Sensitivity Label Leakage

Sensitivity label leakage refers to the exposure or misuse of classification metadata, such as Microsoft Purview Information Protection (MIP) sensitivity labels, through which information about the nature, importance, or confidentiality of a file is unintentionally or deliberately disclosed. While the underlying content of the document may remain encrypted or otherwise protected, the presence and visibility of sensitivity labels alone can reveal valuable contextual information to an insider.

 

This form of leakage typically occurs when files labeled with sensitivity metadata are transferred to insecure locations, shared with unauthorized parties, or surfaced in logs, file properties, or collaboration tool interfaces. Labels may also be leaked through misconfigured APIs, email headers, or third-party integrations that inadvertently expose metadata fields. The leakage of sensitivity labels can help a malicious insider identify and prioritize high-value targets or navigate internal systems with greater precision, without needing immediate access to the protected content.

 

Examples of Use:

  • An insider accesses file properties on a shared drive to identify documents labeled Highly Confidential with the intention of exfiltrating them later.
  • Sensitivity labels are exposed in outbound email headers or logs, revealing the internal classification of attached files.
  • Files copied to an unmanaged device retain their label metadata, inadvertently disclosing sensitivity levels if examined later.

Prevention

ID Name Description
PV012End-User Security Awareness Training

Mandatory security awareness training for employees can help them to recognize a range of cyber attacks that they can play a part in preventing or detecting. This can include topics such as phishing, social engineering, and data classification, amongst others.

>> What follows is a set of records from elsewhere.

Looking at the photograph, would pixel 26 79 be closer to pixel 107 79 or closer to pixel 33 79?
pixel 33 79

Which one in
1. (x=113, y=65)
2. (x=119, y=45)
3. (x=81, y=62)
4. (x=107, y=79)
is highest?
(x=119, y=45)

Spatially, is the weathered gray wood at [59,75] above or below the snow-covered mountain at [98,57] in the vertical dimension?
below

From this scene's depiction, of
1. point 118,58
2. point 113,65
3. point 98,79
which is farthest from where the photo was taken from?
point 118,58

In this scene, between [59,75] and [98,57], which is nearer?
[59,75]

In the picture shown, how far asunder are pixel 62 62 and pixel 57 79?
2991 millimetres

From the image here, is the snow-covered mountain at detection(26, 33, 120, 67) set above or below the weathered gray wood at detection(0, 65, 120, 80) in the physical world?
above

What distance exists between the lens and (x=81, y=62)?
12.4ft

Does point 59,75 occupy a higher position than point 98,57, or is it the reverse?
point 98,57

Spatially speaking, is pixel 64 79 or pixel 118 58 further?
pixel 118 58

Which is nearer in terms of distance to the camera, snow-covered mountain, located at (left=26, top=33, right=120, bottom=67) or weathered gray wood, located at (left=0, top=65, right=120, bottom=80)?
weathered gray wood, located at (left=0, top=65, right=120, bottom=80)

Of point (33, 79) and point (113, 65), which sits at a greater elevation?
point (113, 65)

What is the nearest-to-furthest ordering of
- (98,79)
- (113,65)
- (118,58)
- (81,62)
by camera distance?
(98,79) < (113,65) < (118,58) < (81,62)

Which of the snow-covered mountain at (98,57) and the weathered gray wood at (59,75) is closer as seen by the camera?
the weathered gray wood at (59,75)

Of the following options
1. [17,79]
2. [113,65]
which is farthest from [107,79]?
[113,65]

PV016Enforce a Data Classification Policy

A Data Classification Policy establishes a standard for handling data by setting out criteria for how data should be classified and subsequently managed and secured. A classification can be applied to data in such a way that the classification is recorded in the body of the data (such as a footer in a text document) and/or within the metadata of a file.

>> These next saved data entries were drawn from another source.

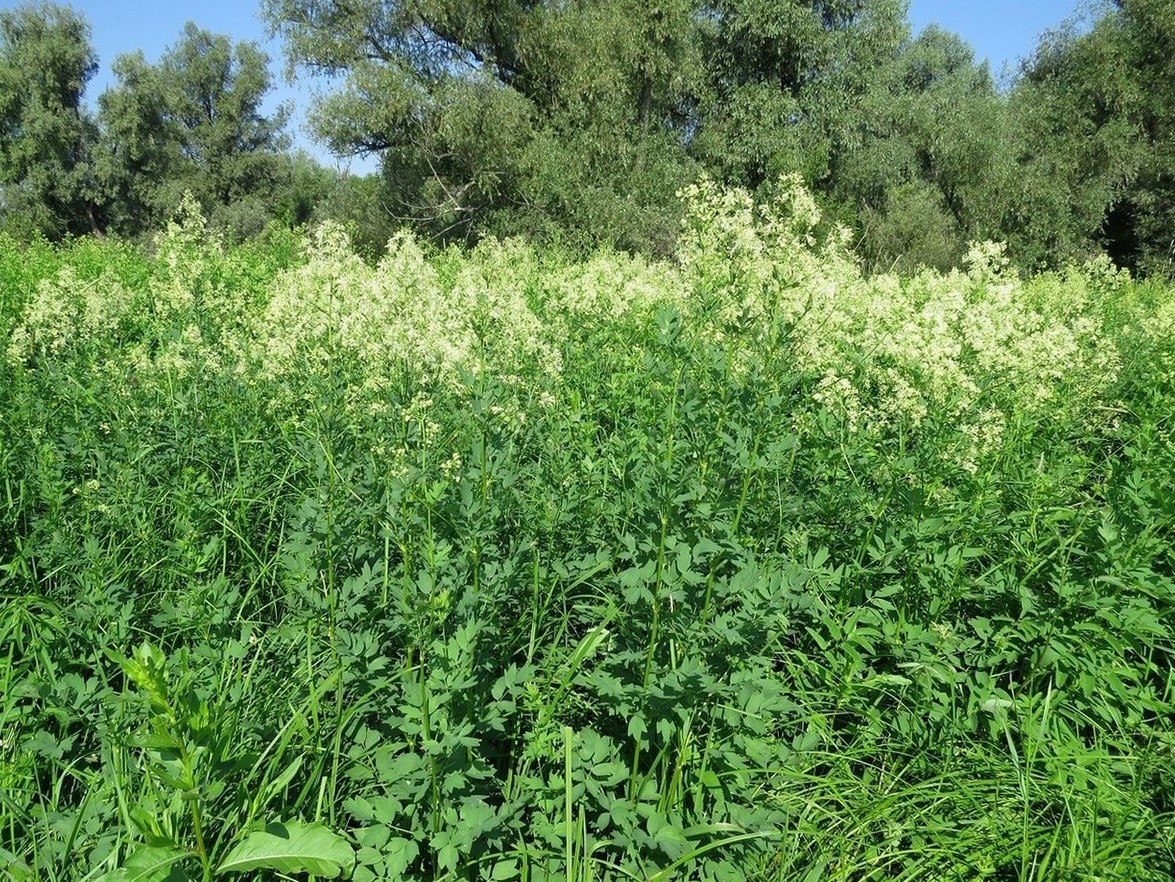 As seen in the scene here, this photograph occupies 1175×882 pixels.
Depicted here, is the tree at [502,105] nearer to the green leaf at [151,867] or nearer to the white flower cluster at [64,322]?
the white flower cluster at [64,322]

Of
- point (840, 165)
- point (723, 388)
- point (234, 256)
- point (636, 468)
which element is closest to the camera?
point (723, 388)

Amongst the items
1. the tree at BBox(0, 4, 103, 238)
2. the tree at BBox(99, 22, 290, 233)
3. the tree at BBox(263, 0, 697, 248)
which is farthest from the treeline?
the tree at BBox(99, 22, 290, 233)

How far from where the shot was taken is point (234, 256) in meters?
10.3

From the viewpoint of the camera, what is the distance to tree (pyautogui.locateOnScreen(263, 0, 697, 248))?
20047 mm

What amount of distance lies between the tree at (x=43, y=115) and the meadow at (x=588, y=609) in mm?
43643

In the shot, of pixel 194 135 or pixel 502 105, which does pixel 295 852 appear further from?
pixel 194 135

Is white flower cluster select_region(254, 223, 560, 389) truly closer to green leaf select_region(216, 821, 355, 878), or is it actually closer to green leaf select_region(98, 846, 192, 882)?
green leaf select_region(216, 821, 355, 878)

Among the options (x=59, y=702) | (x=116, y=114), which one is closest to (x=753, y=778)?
(x=59, y=702)

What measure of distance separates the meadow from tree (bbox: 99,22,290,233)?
44.8 metres

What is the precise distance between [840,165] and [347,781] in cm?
2763

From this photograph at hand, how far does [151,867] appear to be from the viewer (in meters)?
1.61

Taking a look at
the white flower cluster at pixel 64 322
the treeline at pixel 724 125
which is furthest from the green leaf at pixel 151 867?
the treeline at pixel 724 125

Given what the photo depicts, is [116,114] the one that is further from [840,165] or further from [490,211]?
[840,165]

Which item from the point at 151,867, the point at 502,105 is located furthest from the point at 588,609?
the point at 502,105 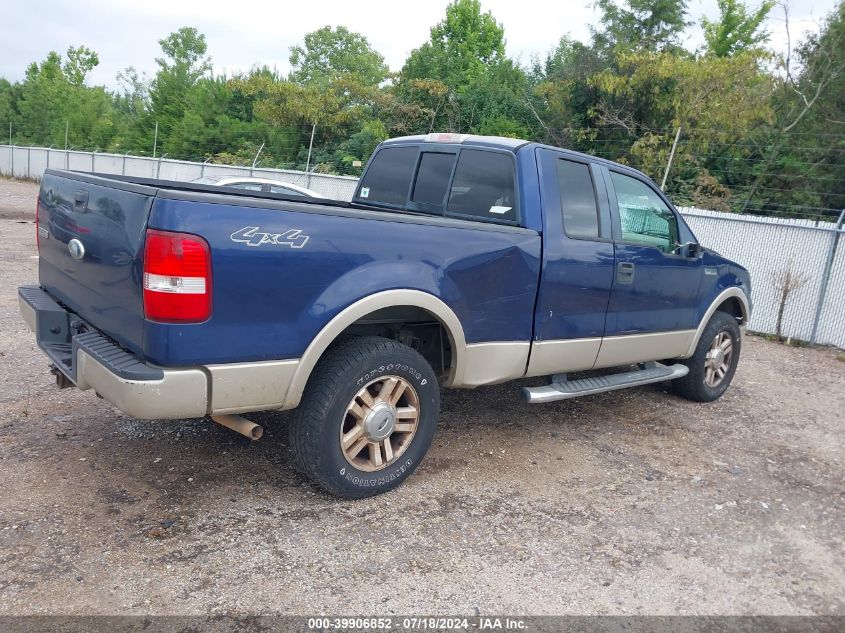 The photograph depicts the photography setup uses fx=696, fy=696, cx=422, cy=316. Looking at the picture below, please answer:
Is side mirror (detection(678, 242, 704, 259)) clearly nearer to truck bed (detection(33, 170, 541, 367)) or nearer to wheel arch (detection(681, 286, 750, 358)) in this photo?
wheel arch (detection(681, 286, 750, 358))

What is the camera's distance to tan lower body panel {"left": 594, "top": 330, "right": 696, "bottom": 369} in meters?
5.00

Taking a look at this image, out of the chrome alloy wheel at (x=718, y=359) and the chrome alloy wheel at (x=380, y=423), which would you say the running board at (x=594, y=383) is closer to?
the chrome alloy wheel at (x=718, y=359)

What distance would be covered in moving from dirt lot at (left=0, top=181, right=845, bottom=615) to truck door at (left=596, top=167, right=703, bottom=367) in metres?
0.71

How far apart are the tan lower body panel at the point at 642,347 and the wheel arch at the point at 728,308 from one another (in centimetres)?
9

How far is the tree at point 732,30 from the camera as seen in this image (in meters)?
32.7

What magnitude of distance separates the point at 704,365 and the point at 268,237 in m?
4.40

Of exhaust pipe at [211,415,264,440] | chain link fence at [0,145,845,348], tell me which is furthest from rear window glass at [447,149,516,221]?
chain link fence at [0,145,845,348]

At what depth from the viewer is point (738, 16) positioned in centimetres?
3306

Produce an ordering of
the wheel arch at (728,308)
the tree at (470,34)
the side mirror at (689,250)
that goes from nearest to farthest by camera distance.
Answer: the side mirror at (689,250), the wheel arch at (728,308), the tree at (470,34)

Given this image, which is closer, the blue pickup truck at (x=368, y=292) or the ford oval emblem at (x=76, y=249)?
the blue pickup truck at (x=368, y=292)

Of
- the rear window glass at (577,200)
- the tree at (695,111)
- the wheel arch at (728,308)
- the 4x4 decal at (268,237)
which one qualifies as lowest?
the wheel arch at (728,308)

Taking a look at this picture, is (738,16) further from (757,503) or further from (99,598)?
(99,598)

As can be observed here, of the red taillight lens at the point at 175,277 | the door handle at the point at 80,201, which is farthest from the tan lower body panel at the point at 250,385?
the door handle at the point at 80,201

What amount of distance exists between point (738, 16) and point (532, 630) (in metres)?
37.0
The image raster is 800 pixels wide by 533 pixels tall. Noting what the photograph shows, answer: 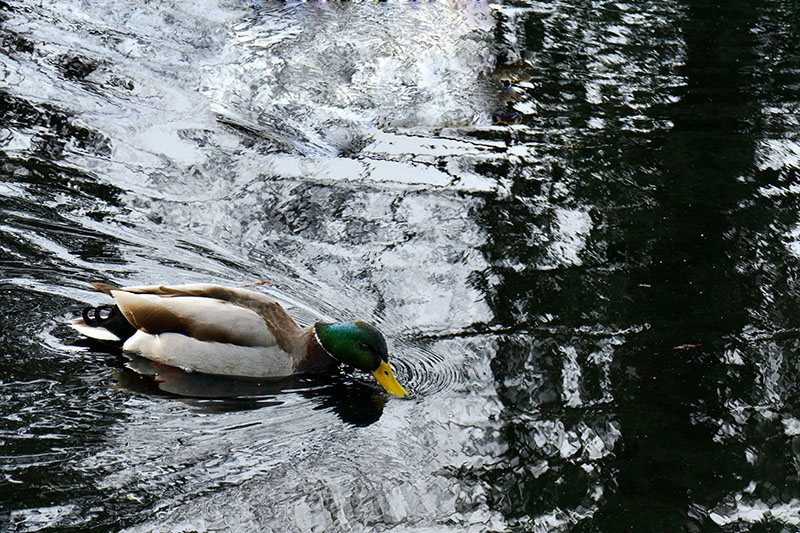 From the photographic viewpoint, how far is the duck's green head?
527 cm

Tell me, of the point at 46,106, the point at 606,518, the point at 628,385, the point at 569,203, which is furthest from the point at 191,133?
the point at 606,518

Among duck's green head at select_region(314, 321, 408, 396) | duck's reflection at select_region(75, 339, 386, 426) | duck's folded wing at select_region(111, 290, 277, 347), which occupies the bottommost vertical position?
duck's reflection at select_region(75, 339, 386, 426)

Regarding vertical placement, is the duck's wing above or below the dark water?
above

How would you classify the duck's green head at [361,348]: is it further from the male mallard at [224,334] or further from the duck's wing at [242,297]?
the duck's wing at [242,297]

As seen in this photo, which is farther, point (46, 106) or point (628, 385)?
point (46, 106)

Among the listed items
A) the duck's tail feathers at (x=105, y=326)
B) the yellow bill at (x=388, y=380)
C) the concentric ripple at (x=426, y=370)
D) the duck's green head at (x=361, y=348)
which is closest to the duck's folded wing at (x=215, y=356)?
the duck's tail feathers at (x=105, y=326)

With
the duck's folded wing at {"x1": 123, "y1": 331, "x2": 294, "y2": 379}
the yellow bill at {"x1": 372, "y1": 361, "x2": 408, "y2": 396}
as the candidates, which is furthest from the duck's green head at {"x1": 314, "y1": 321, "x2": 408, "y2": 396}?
the duck's folded wing at {"x1": 123, "y1": 331, "x2": 294, "y2": 379}

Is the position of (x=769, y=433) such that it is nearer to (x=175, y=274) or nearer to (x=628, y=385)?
(x=628, y=385)

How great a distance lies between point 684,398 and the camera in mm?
5285

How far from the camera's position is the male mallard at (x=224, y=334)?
5383 mm

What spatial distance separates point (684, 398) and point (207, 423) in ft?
7.79

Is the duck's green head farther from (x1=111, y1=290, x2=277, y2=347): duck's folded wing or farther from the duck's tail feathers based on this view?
the duck's tail feathers

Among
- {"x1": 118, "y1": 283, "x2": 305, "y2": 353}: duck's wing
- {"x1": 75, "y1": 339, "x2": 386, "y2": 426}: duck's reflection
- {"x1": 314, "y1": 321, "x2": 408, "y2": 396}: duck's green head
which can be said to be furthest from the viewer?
{"x1": 118, "y1": 283, "x2": 305, "y2": 353}: duck's wing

PV003Enforce an Acceptable Use Policy

An Acceptable Use Policy (AUP) is a set of rules outlining acceptable and unacceptable uses of an organization's computer systems and network resources. It acts as a deterrent to prevent employees from conducting illegitimate activities by clearly defining expectations, reinforcing legal and ethical standards, establishing accountability, specifying consequences for violations, and promoting education and awareness about security risks.

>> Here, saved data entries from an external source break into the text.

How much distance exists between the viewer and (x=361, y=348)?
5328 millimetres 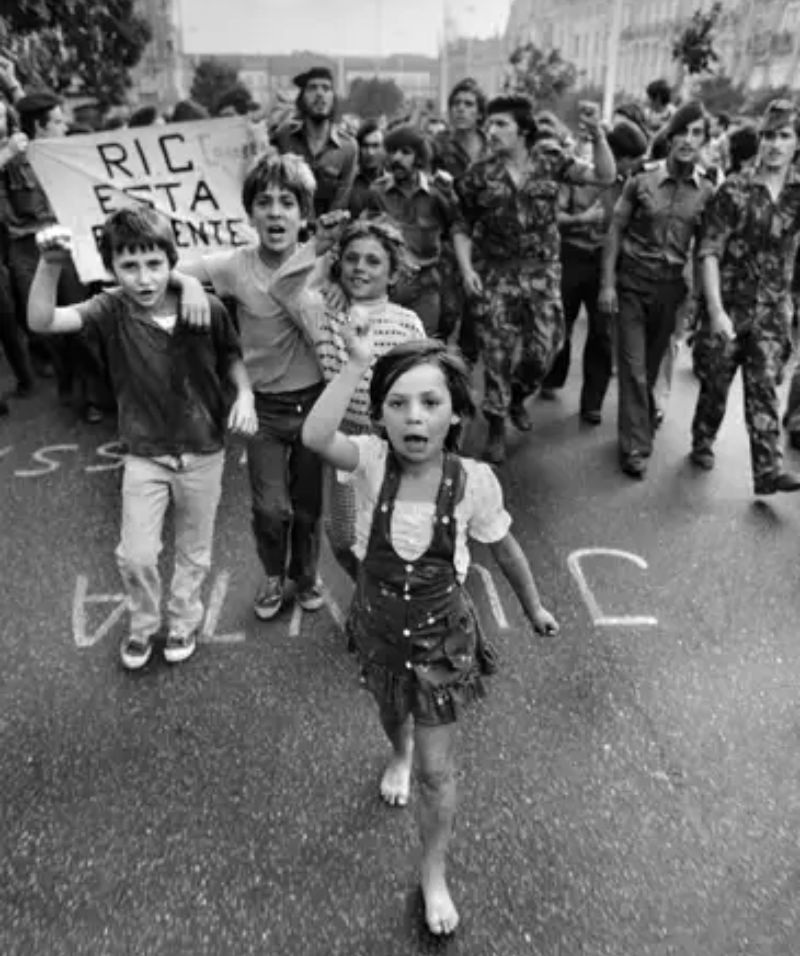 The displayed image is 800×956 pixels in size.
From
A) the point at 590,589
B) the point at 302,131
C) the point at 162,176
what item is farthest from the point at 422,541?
the point at 302,131

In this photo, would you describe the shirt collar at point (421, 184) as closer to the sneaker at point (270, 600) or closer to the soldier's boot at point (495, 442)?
the soldier's boot at point (495, 442)

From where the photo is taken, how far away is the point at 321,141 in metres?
5.45

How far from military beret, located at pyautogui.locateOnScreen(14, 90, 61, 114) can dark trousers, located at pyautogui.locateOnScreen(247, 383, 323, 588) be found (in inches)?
140

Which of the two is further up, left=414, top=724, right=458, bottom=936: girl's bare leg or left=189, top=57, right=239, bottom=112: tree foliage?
left=189, top=57, right=239, bottom=112: tree foliage

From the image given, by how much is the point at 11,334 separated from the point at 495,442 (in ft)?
10.8

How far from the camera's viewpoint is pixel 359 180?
6293 mm

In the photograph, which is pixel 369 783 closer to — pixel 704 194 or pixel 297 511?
pixel 297 511

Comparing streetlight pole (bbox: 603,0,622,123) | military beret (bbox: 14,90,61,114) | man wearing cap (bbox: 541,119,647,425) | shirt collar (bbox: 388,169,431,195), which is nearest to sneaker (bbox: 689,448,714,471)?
man wearing cap (bbox: 541,119,647,425)

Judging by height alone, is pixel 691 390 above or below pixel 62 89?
below

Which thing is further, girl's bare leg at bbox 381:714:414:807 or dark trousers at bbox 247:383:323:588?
dark trousers at bbox 247:383:323:588

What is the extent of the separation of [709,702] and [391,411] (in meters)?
1.82

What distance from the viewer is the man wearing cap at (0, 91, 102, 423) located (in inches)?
210

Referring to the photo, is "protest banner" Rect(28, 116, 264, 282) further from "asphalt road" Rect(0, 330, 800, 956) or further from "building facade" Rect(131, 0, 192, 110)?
"building facade" Rect(131, 0, 192, 110)

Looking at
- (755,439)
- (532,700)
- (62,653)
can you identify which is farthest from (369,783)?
(755,439) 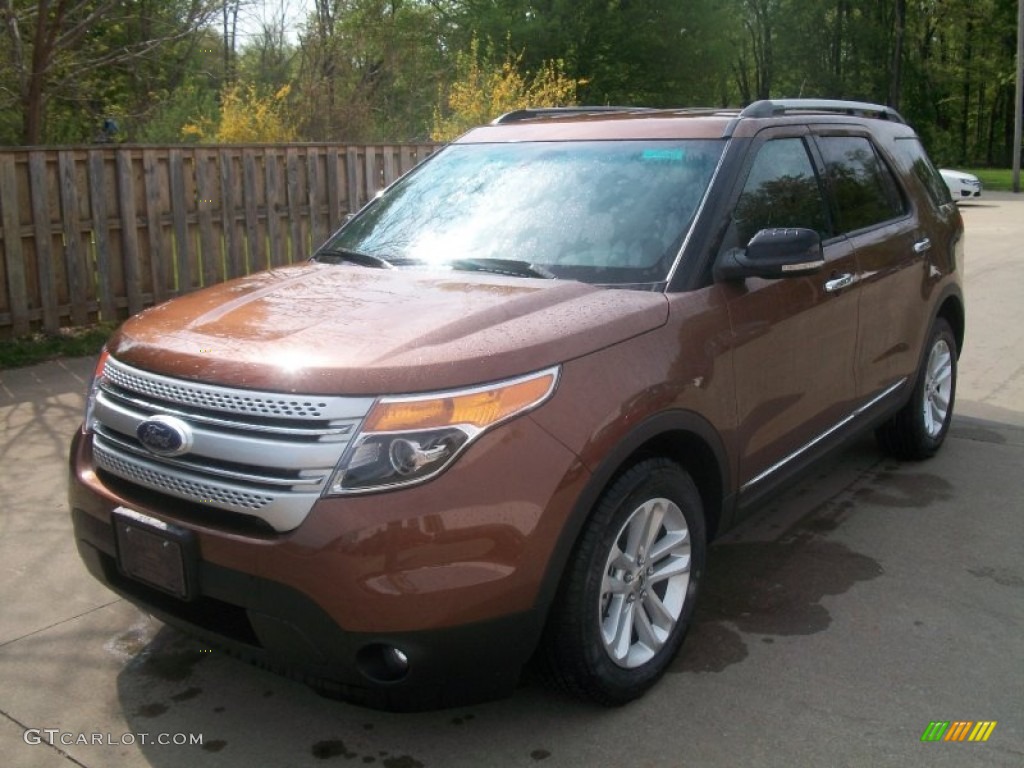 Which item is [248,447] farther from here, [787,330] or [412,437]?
[787,330]

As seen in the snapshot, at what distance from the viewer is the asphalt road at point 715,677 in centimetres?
300

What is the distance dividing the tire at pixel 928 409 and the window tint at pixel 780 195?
5.06 ft

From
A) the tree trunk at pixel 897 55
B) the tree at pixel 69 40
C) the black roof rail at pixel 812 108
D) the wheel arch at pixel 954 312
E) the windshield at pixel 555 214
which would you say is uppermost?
the tree trunk at pixel 897 55

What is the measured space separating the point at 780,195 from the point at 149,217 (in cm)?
632

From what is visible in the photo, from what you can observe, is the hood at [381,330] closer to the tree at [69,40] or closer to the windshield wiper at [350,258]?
the windshield wiper at [350,258]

PV001No Ready System-Level Mitigation

This section cannot be readily mitigated at a system level with preventive controls since it is based on the abuse of fundamental features of the system.

Detection

ID Name Description
DT048Data Loss Prevention Solution

A Data Loss Prevention (DLP) solution refers to policies, technologies, and controls that prevent the accidental and/or deliberate loss, misuse, or theft of data by members of an organization. Typically, DLP technology would take the form of a software agent installed on organization endpoints (such as laptops and servers).

 

Typical DLP technology will alert on the potential loss of data, or activity which might indicate the potential for data loss. A DLP technology may also provide automated responses to prevent data loss on a device.